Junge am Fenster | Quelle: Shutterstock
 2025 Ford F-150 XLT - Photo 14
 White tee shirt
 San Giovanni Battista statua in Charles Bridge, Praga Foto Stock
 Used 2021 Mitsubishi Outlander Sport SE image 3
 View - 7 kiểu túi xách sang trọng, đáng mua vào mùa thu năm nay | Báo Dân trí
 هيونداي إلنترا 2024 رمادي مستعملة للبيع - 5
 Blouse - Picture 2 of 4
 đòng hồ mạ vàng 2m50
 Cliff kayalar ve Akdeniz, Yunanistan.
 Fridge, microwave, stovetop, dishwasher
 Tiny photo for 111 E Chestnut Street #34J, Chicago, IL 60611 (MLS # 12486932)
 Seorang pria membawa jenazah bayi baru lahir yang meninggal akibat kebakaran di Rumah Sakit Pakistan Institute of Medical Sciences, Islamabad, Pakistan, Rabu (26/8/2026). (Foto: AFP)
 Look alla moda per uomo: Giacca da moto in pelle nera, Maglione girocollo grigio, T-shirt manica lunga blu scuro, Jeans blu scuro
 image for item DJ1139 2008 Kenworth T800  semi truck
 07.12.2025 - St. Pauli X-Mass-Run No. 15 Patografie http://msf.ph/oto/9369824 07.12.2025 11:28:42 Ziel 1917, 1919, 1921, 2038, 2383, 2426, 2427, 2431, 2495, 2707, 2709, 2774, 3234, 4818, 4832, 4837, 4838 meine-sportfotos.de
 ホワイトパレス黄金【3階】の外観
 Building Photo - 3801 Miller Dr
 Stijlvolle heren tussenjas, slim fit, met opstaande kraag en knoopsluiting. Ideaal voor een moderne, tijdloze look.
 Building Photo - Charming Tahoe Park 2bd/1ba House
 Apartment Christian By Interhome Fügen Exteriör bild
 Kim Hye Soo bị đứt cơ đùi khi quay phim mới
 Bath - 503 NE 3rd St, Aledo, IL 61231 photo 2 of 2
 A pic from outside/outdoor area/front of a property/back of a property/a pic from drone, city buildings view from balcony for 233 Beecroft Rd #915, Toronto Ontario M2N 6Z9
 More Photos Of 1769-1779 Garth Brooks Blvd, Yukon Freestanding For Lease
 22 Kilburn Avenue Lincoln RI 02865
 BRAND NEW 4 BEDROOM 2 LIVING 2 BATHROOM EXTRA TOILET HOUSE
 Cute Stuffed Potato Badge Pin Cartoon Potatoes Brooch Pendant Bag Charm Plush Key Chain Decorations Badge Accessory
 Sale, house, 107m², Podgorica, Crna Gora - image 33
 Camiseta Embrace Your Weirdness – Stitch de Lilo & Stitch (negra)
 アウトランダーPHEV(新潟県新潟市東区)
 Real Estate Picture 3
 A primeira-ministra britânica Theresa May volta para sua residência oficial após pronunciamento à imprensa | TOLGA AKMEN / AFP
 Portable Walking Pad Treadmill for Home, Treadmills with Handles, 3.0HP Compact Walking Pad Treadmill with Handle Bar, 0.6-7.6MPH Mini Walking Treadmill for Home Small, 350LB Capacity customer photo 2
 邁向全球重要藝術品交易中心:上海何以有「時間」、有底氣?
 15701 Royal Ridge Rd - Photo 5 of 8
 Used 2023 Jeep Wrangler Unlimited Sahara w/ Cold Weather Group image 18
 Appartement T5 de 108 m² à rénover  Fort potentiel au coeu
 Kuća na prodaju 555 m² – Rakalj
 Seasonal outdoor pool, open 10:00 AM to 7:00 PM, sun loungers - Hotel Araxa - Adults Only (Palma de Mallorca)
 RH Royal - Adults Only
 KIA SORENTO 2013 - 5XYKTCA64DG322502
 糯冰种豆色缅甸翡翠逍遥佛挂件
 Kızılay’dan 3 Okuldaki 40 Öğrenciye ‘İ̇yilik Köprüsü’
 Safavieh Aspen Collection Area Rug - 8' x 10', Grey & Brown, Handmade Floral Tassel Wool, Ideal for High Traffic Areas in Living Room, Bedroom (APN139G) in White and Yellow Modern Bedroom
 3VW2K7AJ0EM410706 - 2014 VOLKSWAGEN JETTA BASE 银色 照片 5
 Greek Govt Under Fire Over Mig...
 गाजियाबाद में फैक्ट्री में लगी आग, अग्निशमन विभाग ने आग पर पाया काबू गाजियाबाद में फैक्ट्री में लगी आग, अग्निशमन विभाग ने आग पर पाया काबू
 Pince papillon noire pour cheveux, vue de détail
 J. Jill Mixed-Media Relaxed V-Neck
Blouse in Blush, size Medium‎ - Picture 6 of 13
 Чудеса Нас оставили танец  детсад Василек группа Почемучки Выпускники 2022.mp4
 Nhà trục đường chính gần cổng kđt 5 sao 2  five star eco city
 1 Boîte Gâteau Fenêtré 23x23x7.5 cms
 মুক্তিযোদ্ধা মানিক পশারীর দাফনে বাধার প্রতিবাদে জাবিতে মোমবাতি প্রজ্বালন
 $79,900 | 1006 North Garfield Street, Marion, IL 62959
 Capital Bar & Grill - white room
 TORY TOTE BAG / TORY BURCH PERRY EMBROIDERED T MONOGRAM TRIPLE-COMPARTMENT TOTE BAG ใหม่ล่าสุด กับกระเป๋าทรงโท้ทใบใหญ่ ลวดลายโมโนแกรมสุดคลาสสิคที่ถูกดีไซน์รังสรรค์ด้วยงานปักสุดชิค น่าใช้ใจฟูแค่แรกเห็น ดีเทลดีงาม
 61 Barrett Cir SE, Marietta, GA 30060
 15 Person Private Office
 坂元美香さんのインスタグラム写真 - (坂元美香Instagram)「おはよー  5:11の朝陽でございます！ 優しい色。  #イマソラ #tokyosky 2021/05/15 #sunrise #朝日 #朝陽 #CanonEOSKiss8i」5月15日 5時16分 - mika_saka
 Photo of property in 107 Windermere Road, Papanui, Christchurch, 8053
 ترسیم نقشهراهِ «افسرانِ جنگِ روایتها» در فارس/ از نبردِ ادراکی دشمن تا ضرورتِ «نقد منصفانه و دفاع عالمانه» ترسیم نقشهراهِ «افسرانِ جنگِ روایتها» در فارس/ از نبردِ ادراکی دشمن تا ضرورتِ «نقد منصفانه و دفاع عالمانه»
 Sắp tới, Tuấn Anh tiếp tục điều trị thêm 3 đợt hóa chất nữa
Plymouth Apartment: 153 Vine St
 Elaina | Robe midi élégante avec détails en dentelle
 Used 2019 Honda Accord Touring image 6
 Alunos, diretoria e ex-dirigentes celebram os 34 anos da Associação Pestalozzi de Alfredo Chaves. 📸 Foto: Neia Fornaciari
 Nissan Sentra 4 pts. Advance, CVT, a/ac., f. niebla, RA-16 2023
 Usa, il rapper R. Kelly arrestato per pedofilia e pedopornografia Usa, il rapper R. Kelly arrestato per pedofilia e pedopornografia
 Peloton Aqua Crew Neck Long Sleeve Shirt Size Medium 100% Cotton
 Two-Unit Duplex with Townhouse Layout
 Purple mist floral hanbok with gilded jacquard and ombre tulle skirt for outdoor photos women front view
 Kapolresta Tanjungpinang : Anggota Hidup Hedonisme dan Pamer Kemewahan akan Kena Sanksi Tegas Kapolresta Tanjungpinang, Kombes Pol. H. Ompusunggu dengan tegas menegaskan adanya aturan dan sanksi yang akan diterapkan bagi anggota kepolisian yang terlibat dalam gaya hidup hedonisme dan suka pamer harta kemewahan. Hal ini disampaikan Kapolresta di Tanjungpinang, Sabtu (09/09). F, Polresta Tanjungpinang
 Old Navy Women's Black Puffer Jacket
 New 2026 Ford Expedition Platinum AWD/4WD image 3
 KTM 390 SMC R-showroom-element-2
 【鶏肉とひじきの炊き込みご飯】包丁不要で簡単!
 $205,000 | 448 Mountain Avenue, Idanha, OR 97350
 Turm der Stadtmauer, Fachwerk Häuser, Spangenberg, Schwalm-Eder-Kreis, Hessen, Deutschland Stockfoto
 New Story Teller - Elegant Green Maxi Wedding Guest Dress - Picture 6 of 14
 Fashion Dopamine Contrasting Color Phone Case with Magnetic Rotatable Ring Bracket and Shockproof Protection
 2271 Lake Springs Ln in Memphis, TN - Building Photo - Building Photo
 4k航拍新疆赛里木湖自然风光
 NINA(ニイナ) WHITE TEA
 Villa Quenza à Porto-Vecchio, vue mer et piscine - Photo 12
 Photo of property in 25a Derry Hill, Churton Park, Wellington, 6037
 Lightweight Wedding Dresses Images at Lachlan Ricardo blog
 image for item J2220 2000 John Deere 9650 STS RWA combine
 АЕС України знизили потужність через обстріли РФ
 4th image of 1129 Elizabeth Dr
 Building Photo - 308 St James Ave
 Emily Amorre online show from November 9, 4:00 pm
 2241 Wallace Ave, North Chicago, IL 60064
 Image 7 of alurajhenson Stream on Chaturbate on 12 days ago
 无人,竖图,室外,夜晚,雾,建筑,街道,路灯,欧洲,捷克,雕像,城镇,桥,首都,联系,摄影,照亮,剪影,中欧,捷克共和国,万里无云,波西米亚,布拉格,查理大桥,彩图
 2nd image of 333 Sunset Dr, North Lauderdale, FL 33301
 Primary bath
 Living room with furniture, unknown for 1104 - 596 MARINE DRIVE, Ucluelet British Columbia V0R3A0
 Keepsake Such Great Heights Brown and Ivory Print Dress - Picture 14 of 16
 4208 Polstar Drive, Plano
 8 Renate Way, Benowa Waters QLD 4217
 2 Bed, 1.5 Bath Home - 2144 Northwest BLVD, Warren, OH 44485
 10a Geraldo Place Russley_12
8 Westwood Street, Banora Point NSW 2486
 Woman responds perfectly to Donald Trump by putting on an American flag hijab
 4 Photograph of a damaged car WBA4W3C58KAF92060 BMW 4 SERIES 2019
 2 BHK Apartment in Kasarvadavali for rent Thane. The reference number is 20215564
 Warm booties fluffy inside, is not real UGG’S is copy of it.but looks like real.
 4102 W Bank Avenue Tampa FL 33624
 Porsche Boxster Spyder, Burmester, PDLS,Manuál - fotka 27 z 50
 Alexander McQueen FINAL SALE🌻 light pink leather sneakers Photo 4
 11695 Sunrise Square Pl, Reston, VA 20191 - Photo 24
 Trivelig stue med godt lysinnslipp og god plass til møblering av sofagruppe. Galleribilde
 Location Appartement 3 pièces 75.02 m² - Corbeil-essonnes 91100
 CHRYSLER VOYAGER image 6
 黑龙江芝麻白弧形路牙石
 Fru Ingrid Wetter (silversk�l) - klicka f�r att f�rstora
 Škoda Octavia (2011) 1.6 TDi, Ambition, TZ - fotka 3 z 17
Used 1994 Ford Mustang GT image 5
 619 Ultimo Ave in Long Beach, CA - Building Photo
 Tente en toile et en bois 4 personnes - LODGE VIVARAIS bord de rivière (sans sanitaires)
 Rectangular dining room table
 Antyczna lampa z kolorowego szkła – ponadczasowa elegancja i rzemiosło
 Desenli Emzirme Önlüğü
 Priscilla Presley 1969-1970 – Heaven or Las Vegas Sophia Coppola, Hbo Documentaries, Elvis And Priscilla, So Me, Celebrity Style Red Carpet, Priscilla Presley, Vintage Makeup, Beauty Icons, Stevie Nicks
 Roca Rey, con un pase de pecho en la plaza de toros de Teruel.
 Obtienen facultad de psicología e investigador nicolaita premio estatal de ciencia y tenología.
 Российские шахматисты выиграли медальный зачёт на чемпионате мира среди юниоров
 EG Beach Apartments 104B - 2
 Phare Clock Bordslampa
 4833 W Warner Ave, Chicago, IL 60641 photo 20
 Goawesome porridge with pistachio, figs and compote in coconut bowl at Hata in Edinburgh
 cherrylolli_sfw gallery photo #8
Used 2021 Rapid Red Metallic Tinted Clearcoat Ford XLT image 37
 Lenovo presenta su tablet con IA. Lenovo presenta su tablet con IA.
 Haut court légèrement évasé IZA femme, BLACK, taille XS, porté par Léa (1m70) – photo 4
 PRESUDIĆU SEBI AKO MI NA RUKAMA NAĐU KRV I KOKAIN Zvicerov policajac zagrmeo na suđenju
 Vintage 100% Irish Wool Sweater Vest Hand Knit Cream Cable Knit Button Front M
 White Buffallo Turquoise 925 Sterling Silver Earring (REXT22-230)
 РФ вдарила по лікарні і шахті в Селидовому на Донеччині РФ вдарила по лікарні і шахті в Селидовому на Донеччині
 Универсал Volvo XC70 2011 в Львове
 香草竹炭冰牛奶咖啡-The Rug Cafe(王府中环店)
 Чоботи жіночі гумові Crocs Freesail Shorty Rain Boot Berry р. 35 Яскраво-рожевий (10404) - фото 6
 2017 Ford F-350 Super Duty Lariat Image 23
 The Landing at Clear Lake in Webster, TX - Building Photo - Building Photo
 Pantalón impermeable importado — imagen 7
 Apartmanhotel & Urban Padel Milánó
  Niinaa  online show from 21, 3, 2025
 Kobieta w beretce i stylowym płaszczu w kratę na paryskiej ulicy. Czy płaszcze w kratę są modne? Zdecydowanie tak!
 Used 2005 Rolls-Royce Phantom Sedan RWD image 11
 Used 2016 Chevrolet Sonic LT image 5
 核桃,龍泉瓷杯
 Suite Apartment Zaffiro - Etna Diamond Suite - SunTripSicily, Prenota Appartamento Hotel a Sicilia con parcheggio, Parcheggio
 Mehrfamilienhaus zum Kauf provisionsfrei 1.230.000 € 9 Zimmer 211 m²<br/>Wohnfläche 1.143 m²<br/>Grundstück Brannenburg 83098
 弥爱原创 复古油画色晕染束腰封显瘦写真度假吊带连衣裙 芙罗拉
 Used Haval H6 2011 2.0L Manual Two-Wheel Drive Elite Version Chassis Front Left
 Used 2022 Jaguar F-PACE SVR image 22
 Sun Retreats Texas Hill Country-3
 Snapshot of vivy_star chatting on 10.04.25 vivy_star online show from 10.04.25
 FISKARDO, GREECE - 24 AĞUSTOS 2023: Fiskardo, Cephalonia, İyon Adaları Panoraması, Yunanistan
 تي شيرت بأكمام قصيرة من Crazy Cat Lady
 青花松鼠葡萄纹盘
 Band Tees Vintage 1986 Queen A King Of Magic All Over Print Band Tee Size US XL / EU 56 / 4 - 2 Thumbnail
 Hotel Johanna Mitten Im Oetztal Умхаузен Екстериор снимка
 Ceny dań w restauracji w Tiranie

..........

## GOAL OF THE EXERCISE
Output only an exact transcription of the lines above from the one with "Чоботи жіночі гумові" up to and including the one with "Used 2022 Jaguar F-PACE SVR image 22".

## RESPONSE TO THIS EXERCISE
 Чоботи жіночі гумові Crocs Freesail Shorty Rain Boot Berry р. 35 Яскраво-рожевий (10404) - фото 6
 2017 Ford F-350 Super Duty Lariat Image 23
 The Landing at Clear Lake in Webster, TX - Building Photo - Building Photo
 Pantalón impermeable importado — imagen 7
 Apartmanhotel & Urban Padel Milánó
  Niinaa  online show from 21, 3, 2025
 Kobieta w beretce i stylowym płaszczu w kratę na paryskiej ulicy. Czy płaszcze w kratę są modne? Zdecydowanie tak!
 Used 2005 Rolls-Royce Phantom Sedan RWD image 11
 Used 2016 Chevrolet Sonic LT image 5
 核桃,龍泉瓷杯
 Suite Apartment Zaffiro - Etna Diamond Suite - SunTripSicily, Prenota Appartamento Hotel a Sicilia con parcheggio, Parcheggio
 Mehrfamilienhaus zum Kauf provisionsfrei 1.230.000 € 9 Zimmer 211 m²<br/>Wohnfläche 1.143 m²<br/>Grundstück Brannenburg 83098
 弥爱原创 复古油画色晕染束腰封显瘦写真度假吊带连衣裙 芙罗拉
 Used Haval H6 2011 2.0L Manual Two-Wheel Drive Elite Version Chassis Front Left
 Used 2022 Jaguar F-PACE SVR image 22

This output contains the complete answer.